WASHINGTON (AP) — Secretary of State Hillary Rodham Clinton was delivering a report card on the Arab Spring on Monday, taking stock at a time when the euphoria of the successful revolutions from Egypt to Libya is giving way to the hard and unprecedented work of creating stable democracies.
For Syrians fighting for a freer future, the fear is they may never even get the chance.
After almost a year of protests and crackdowns, armed rebellion and civil war, the Arab world's upheaval has left a jumbled mosaic of liberals and Islamists, military rulers and loose coalitions of reformers. No country appears unalterably on a path toward democratic governance, and for the people of the region and the United States the stakes of long-term instability are high.

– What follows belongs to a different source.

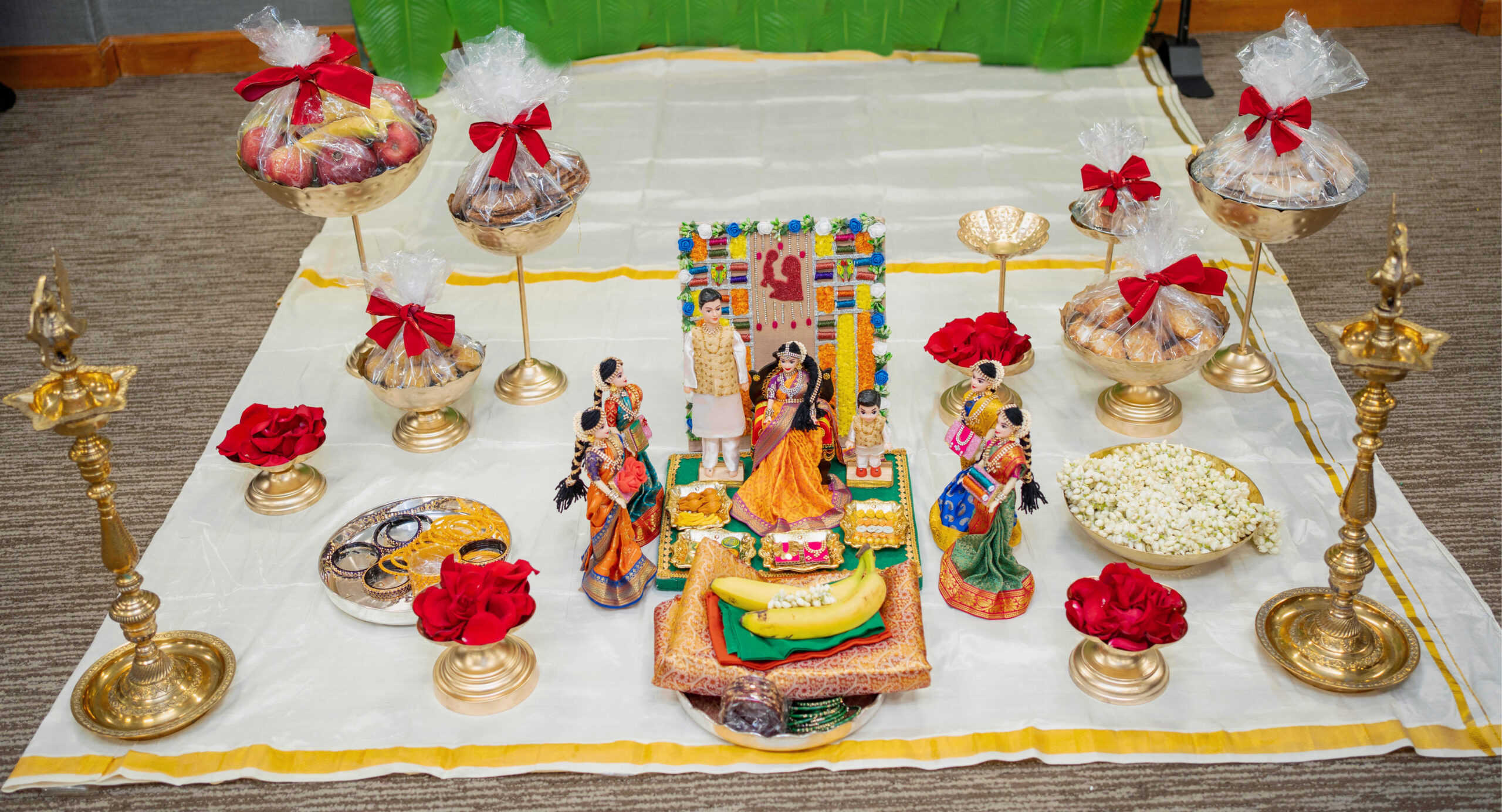 Traditional Telugu Seemantham (Baby Shower) Decor And Checklist In USA by Top Indian American Blogger Dreaming Loud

U.S. interests, including the security of oil supplies, military relations and Israel's defense, have forced the Obama administration to engage in flexible diplomacy, with different messages for different countries.
The one-size-does-not-fit-all approach has meant U.S. support for an imperfect military stewardship over Egypt ahead of elections for a new parliament and president. It also meant the U.S. largely overlooked ally Bahrain's rough response to protests earlier this year.

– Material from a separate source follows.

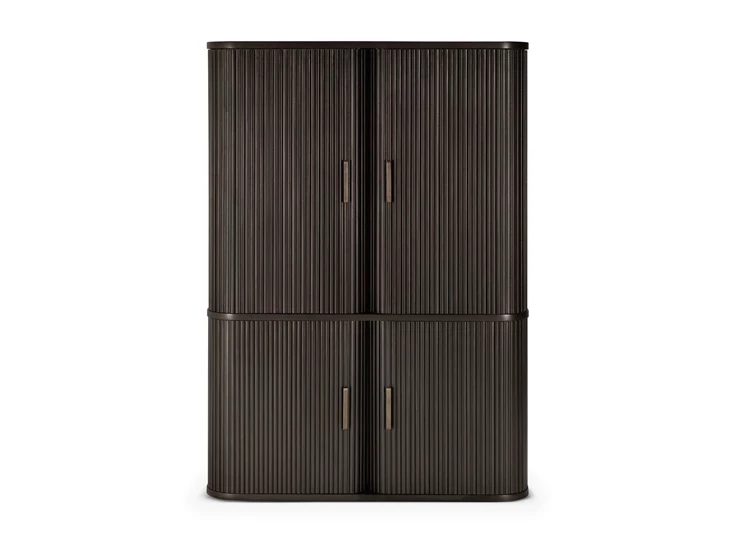 Dossierkast Mahogany Roller Max Dark Brown Filing Cupboard 35028 Ethnicraft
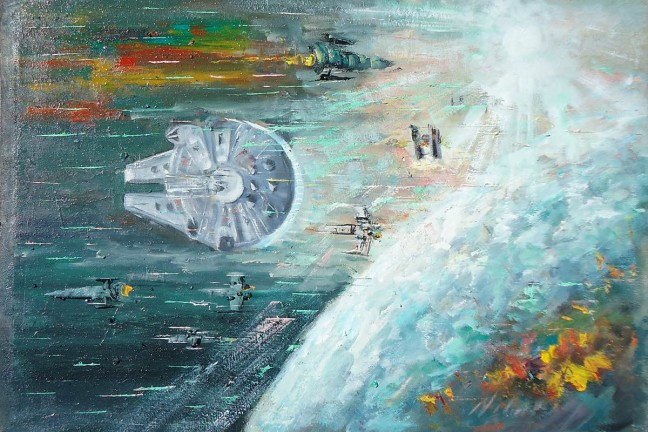 Star Wars oil paintings by Naci Caba. (Prices vary)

Washington helped a military effort that ultimately deposed Libyan strongman Moammar Gadhafi. It also demanded that leaders in Syria and Yemen leave power, without any real means to make them do so.

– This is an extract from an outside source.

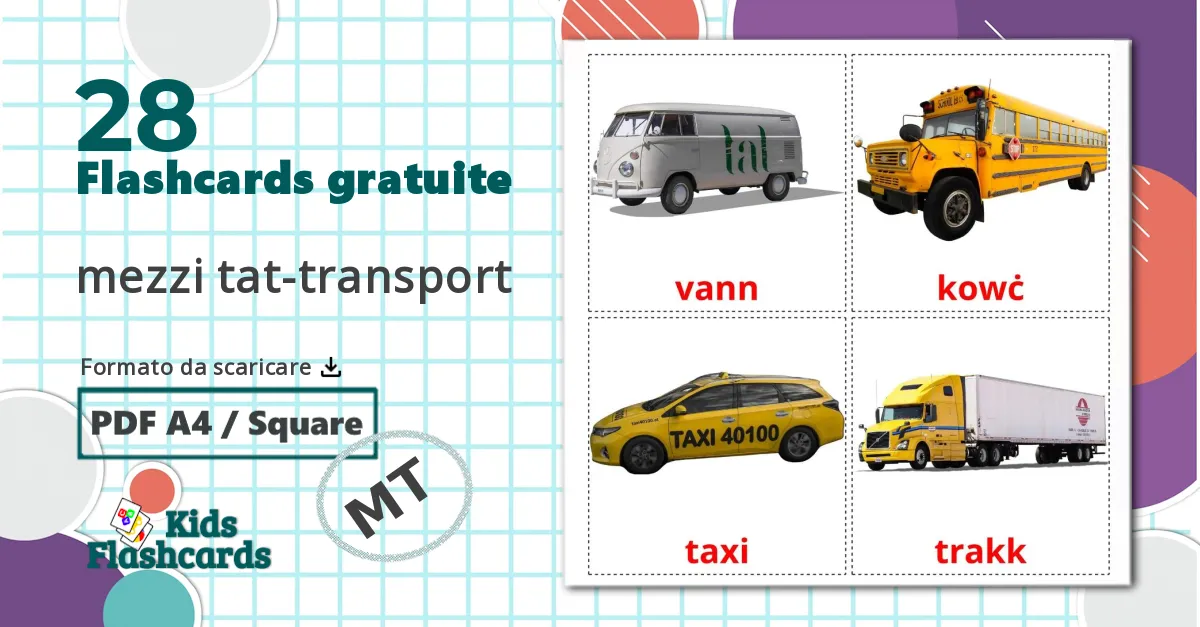 28 flashcards di Trasporto via terra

Clinton's keynote address at the National Democratic Institute will look at the good and the bad of the Arab Spring, as seen through the prism of the American interests. It will also likely reflect criticism from Republicans that the administration has either acted too cautiously to bolster would-be democrats or foolishly opened the door to Islamist takeovers of once-secular governments.
It is Clinton's first comprehensive speech on the region since April, when Libya's armed overthrow of four decades of dictatorship under Gadhafi was far from assured and President Bashar Assad's crackdown in Syria was widening. If Libya's revolutionaries have since provided their country with a new beginning, the situation in Syria has only gotten bloodier.
But the greatest U.S. preoccupation may still be Egypt, the bulwark of American influence in the Middle East under the three-decade rule of Hosni Mubarak.
U.S. officials have watched warily in recent months amid souring Egyptian-Israeli relations, violence against minority Copts and renewed popular frustration with a military leadership determined to maintain its grip on the future of the country, if not its governance. In a travel notice Monday, the State Department warned Americans of the potential for more demonstrations to degenerate into "violent clashes between police and protesters."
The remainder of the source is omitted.